Much ink has been already spilled about the faux-populist protests known as Tea Parties. I think it's fine for disgruntled conservatives to peacefully protest. Now they'll reach the same conclusions we on the left learned a long time ago: protests accomplish not all that much in the long run. Lawmakers ignore them altogether and their impact on a large scale is quite minimal. If Republicans want to use them as a way to network with each other and have solidarity in a kind of misguided, ill-thought-out ideology, that's probably the most realistic outcome they ought to expect from all the bluster.
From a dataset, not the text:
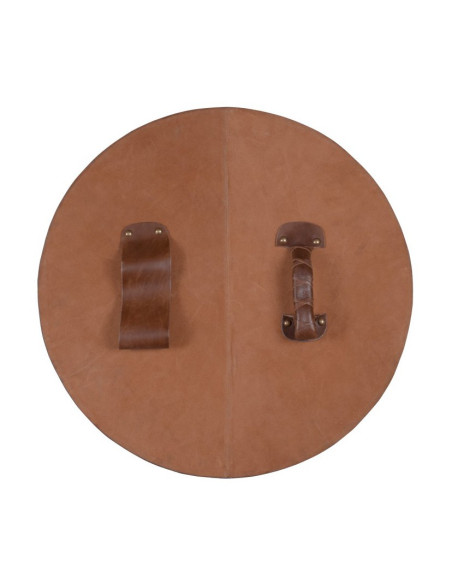 Escudo Escocês Redondo, Targe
The irony among many of these protests is that the first Tea Party was conducted by a bunch of rabble-rousing liberals who objected to a very conservative, very remote King dictating distasteful orders and increasing the American tax burden on staple products from across the ocean without any colonial say in the matter. The most immediate impact of throwing tea chests in the ocean was that Great Britain, in a retaliatory measure, closed Boston Harbor to trade and to increase the tax burden as punishment. These measures did, of course, effectively inflame the Patriot cause, which snowballed into armed rebellion a few months later. The major grievance colonists had with Mother Britain is that they were being used as a cash cow and source of cheap raw materials while not being fairly compensated for their goods. In 2009, then, using the phrase "tea party" then, is not a particularly accurate comparison to the current day. While the fear of and response to increased taxation is what both of these gatherings have in common, that's about as far as it goes.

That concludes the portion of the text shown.